What the French term "métro-boulot-dodo" literally means is "subway-work-sleep". And I don't have to put any effort to draw the parallel with what our lives have become, to that. A bus ride to wherever we work, proceeding to work, and coming back feeling so exhausted and then finally sleeping. The alarm goes off and hello to another day filled with just the same things. Fortunately for some of us, this cycle doesn't apply so immensely because we have happy, positive things to look forward to and to squeeze into. But what happens if there's nothing much to look forward to anymore? When this happens, we do what we do best; finding other things to do such that it seems like we're breaking out of that cycle. Unfortunately, those are short-lived because we always find ourselves landing on the same old cycle once again.

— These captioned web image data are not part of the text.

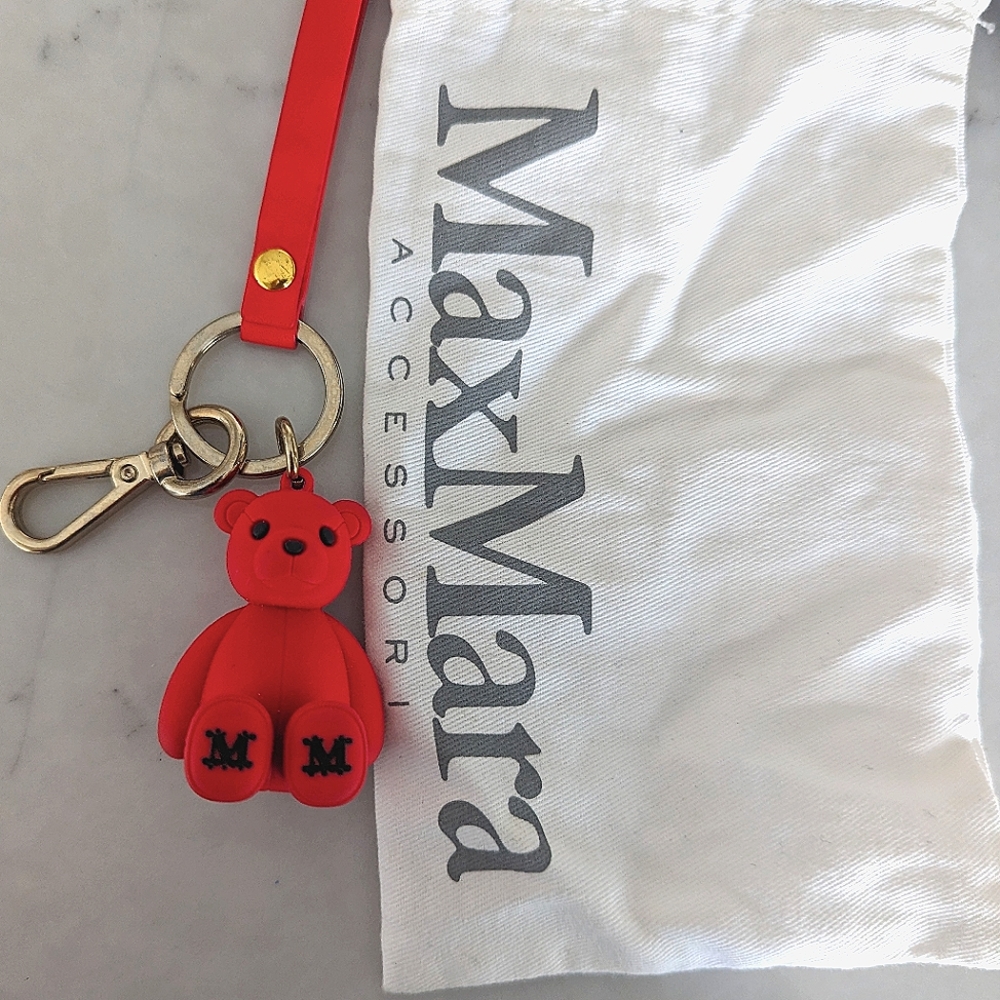 MaxMara keychain teddy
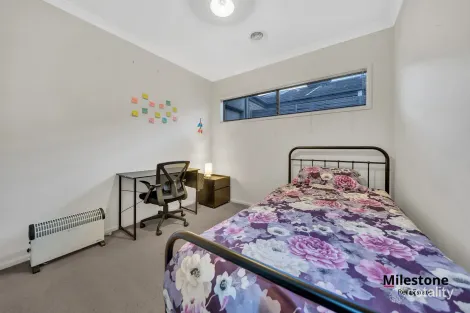 Property photo of 24 Livida Circuit Lyndhurst VIC 3975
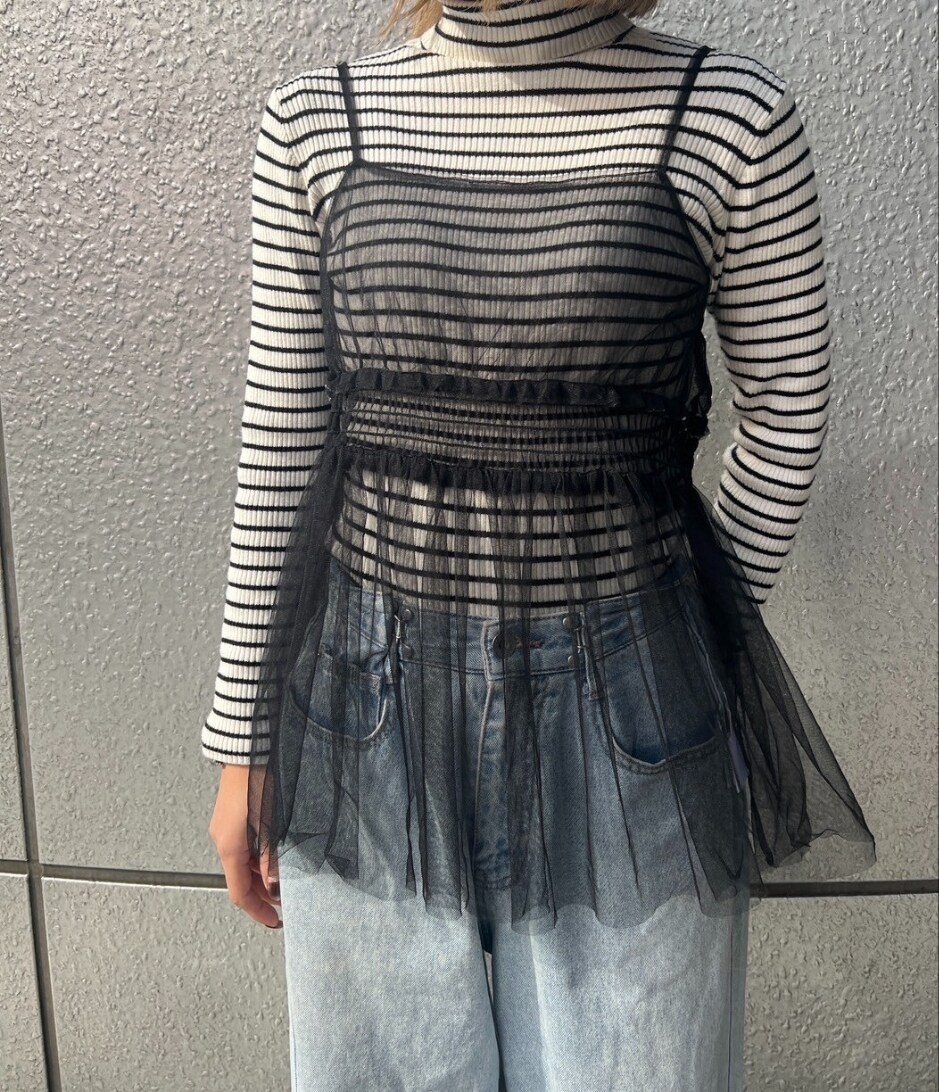 「タートルネック、お出かけコーデ、モノトーン、デニム、シンプルコーデ、カジュアルスタイル、パンツスタイル、大人かわいい、春服、シンプル、ラクチンコーデ、オトナカワイイ、ニット、ブラウス、ブーツ」｜「FREE'S MARTの◆タートルネックリブニット（ニット/セーター、ホワイト系）」を使った、yukaさん（レディース・160cm）の冬コーディネートの3枚目の写真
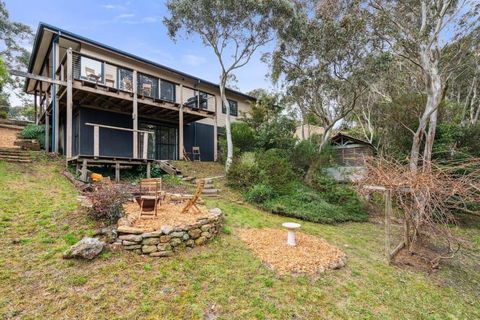 Charming 4 Bed Home In Mount Victoria - Darwin Holiday 0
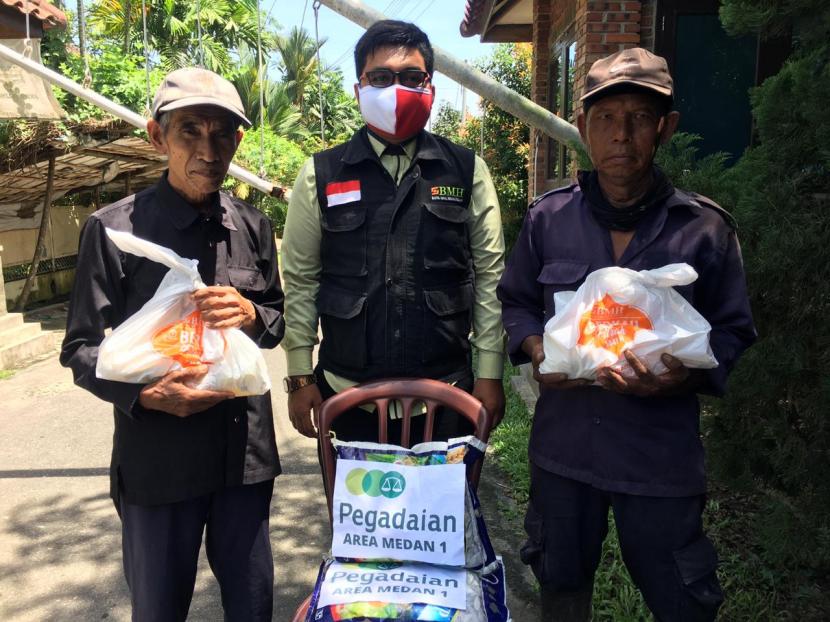 BMH Perwakilan Sumatera Utara memberikan bantuan sembako kepada satpam di Kota Medan.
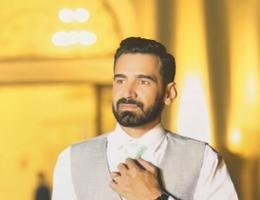العميل WAQAR KHAN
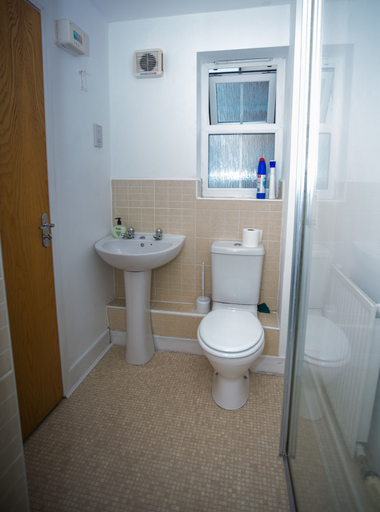 Bathroom 4, Superior 2 bedroom Apartments, London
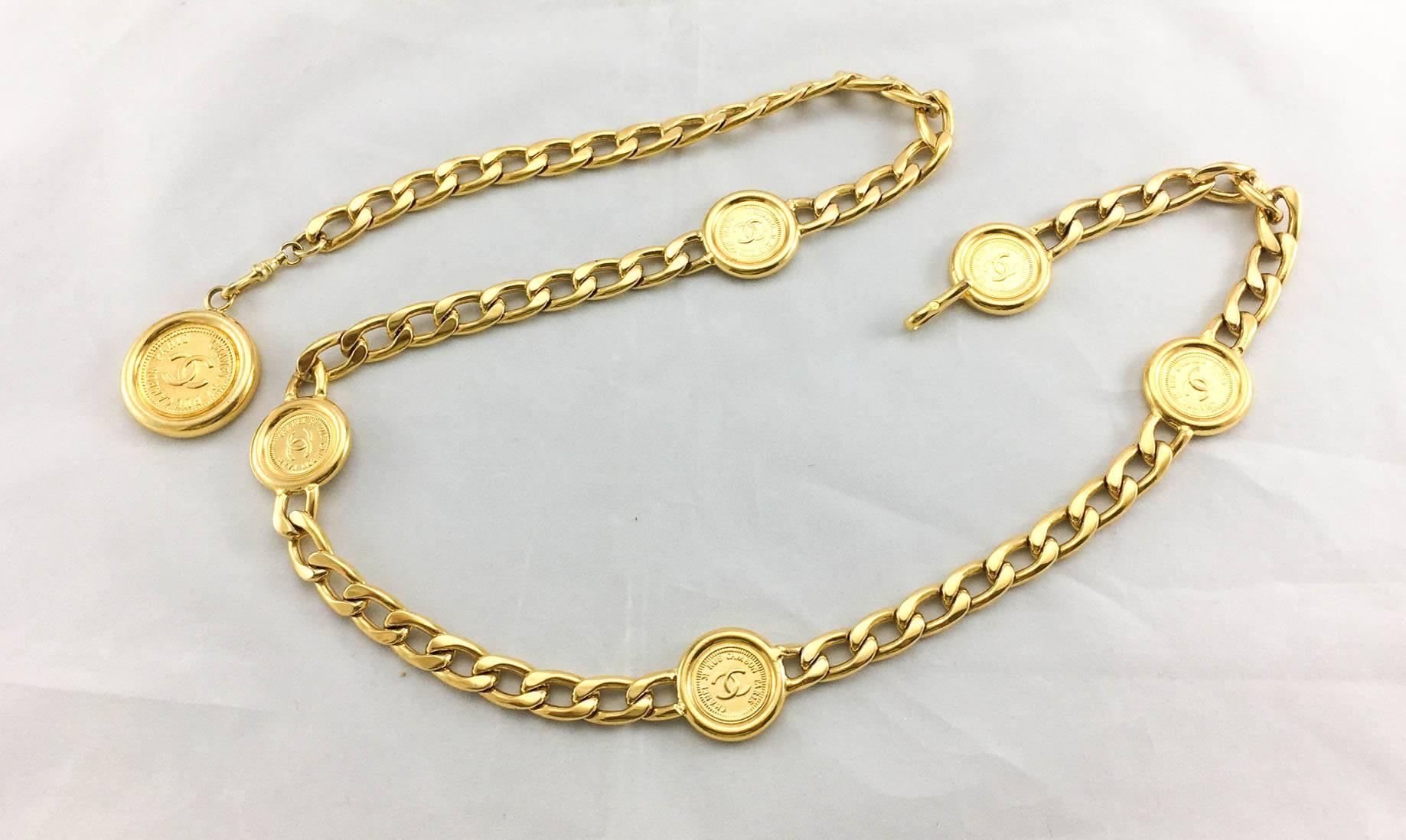 Chanel Gold-Tone Chain Medallion Pendant Belt / Necklace - 1990s 2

So do you see the pattern here? The main question is, how long do we have to keep up with this?

Now I realise how some of us have completely surrender ourselves to life's awful, gnawing pace. Because it's tiring to step back out only knowing that you have to run along the same cycle again, it's so much easier to not do anything about it anymore. People get jaded, so jaded they let life take control instead of the other way round.

I think one of life's biggest mysteries would be on how to discover a device or rather a cure on how do we ever get out of that cycle long enough that there will never be a relapse (going back to that same cycle). I'm thinking that till the day we die, we would probably run on the same cycle, sometimes even without our conscious awareness.

And you know what? I think this is precisely why life is temporary.